[Data extracted from a collection]
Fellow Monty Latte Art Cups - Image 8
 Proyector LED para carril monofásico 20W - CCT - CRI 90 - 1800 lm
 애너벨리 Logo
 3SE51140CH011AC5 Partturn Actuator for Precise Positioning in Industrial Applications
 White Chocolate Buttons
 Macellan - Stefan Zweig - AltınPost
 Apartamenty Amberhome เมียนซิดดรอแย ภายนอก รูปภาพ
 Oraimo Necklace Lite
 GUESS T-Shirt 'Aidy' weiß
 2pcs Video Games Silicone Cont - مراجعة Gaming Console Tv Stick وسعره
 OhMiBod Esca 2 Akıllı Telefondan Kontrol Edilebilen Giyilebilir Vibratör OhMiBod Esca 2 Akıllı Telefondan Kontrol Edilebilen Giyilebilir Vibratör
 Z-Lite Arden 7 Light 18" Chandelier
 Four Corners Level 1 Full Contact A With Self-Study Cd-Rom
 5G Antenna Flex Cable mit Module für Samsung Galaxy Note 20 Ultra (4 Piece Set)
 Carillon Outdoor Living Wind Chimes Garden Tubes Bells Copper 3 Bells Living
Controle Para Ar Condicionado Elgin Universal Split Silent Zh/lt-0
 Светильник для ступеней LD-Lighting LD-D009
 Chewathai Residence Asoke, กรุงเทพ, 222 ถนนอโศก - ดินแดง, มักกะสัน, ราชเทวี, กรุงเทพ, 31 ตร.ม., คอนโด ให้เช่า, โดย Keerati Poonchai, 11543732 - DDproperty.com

Problem details: Copy whichever lines of the records above contain the word "Lite".

Response to the task:
 Oraimo Necklace Lite
 Z-Lite Arden 7 Light 18" Chandelier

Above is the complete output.